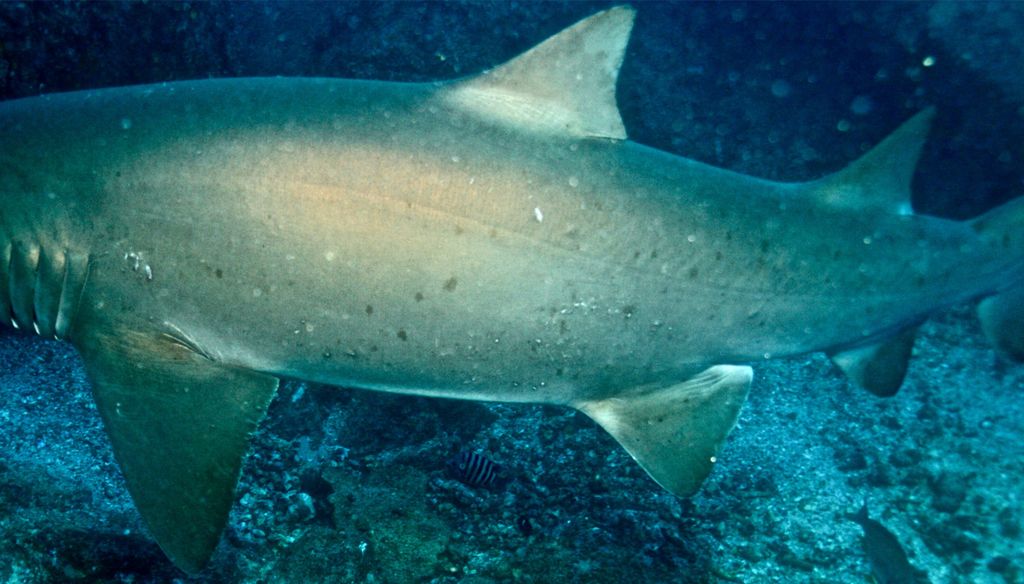 a80923c4-dc30-4d48-800d-3db1cdbf366d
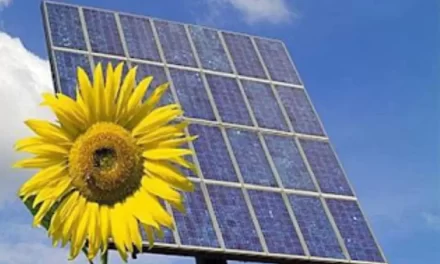 L’Italia si propone come hub energetico europeo grazie ai fondi UE
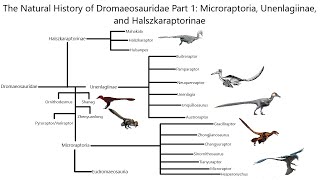 Unenlagiids and Basal Dromaeosaurs  The Natural History of Life [upl. by Zul]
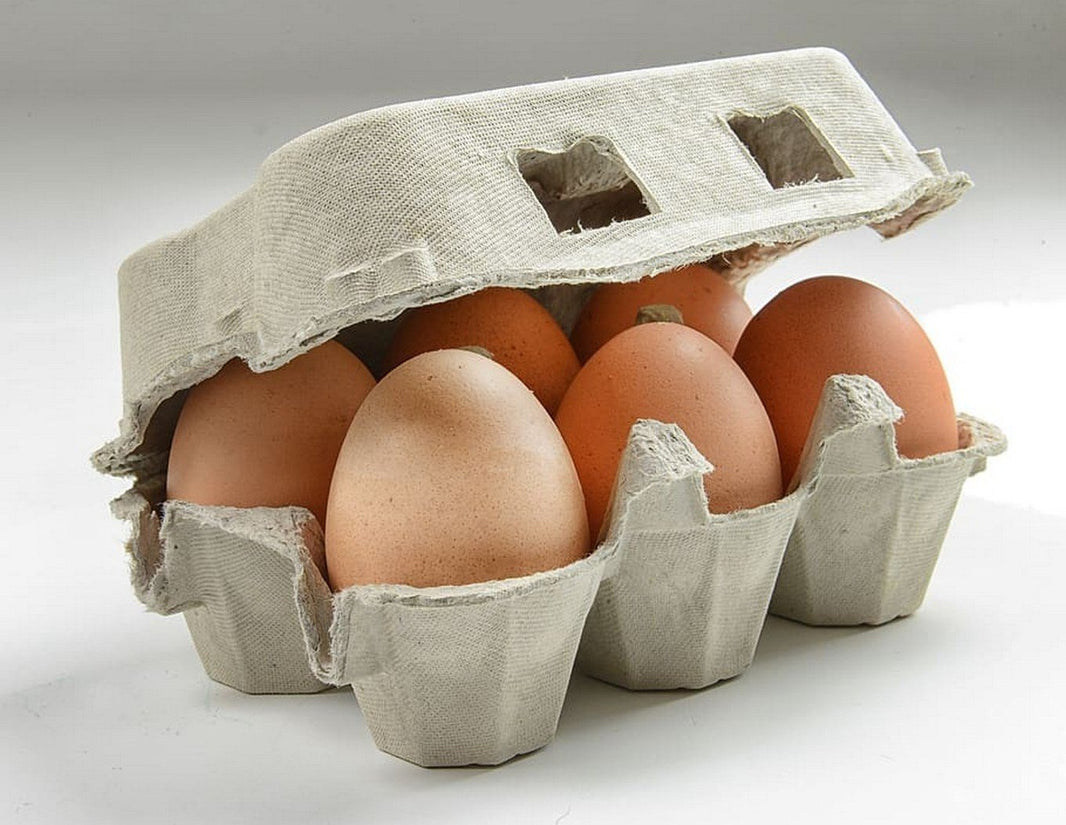 Organic Eggs - Brown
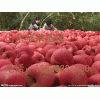 13626331680紅富士蘋果產(chǎn)地批發(fā)價格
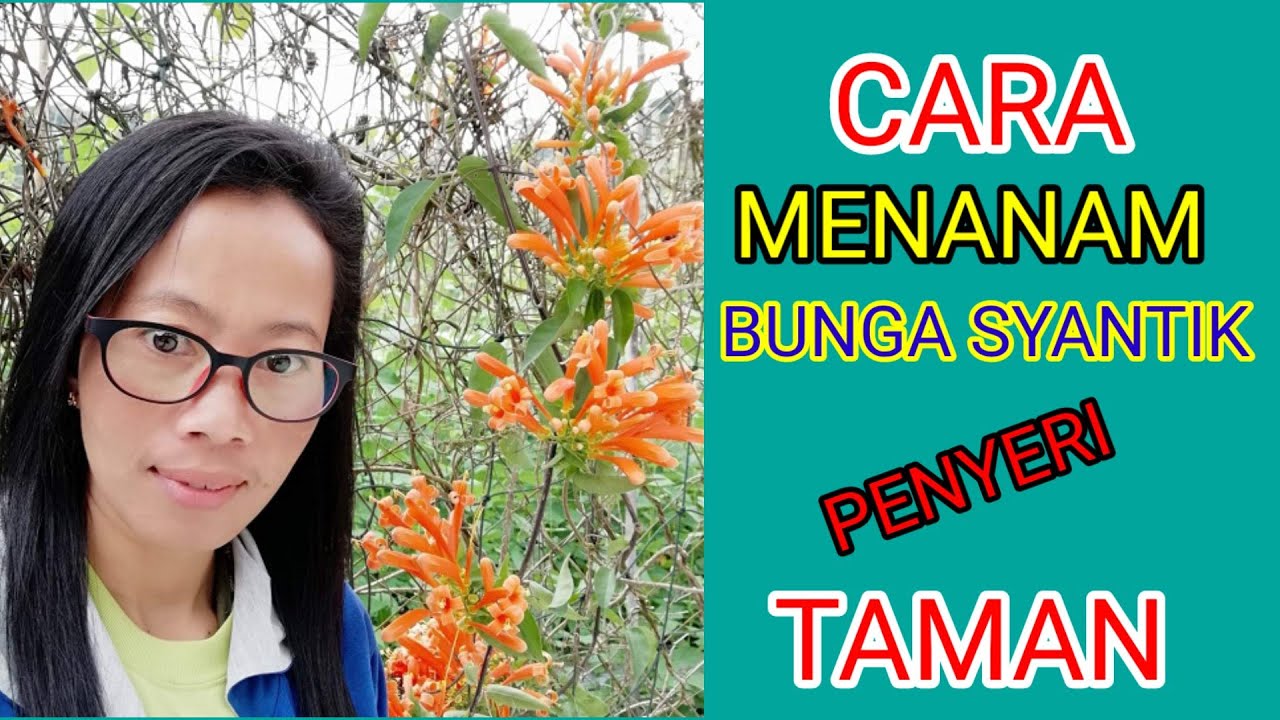 Menanam bunga syantik 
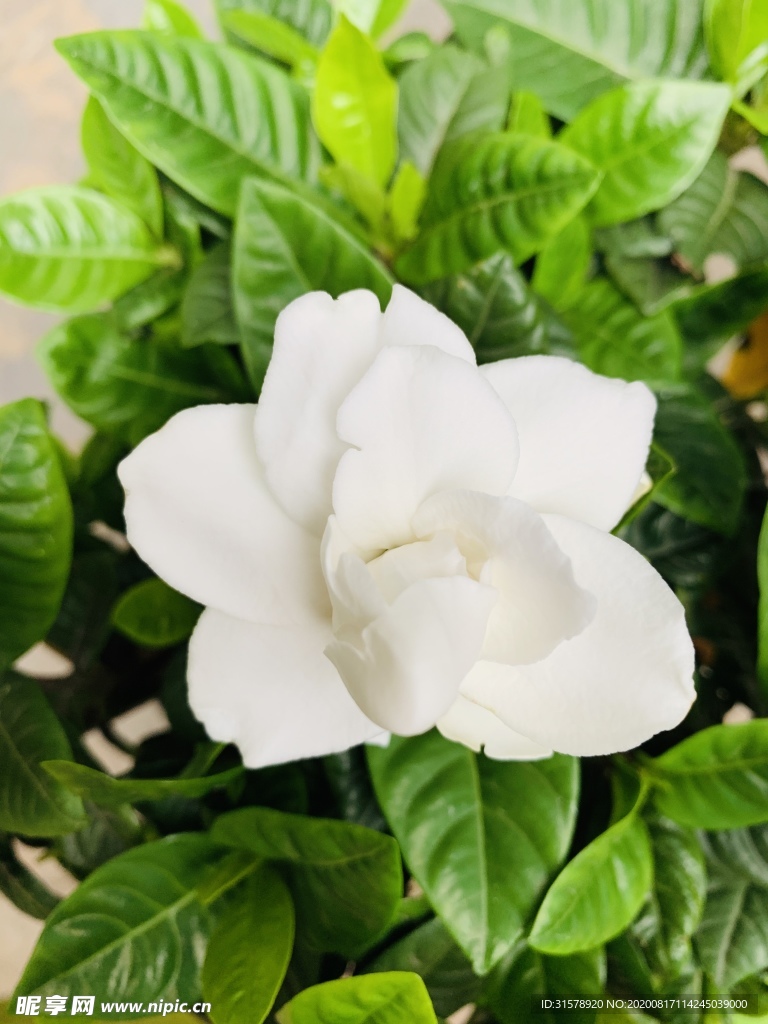 栀子花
= = =
--- Task instructions ---
Only the pictures stay out; the rest of the entries above must be written out exactly.

--- Response ---
 a80923c4-dc30-4d48-800d-3db1cdbf366d
 L’Italia si propone come hub energetico europeo grazie ai fondi UE
 Unenlagiids and Basal Dromaeosaurs  The Natural History of Life [upl. by Zul]
 Organic Eggs - Brown
 13626331680紅富士蘋果產(chǎn)地批發(fā)價格
 Menanam bunga syantik 
 栀子花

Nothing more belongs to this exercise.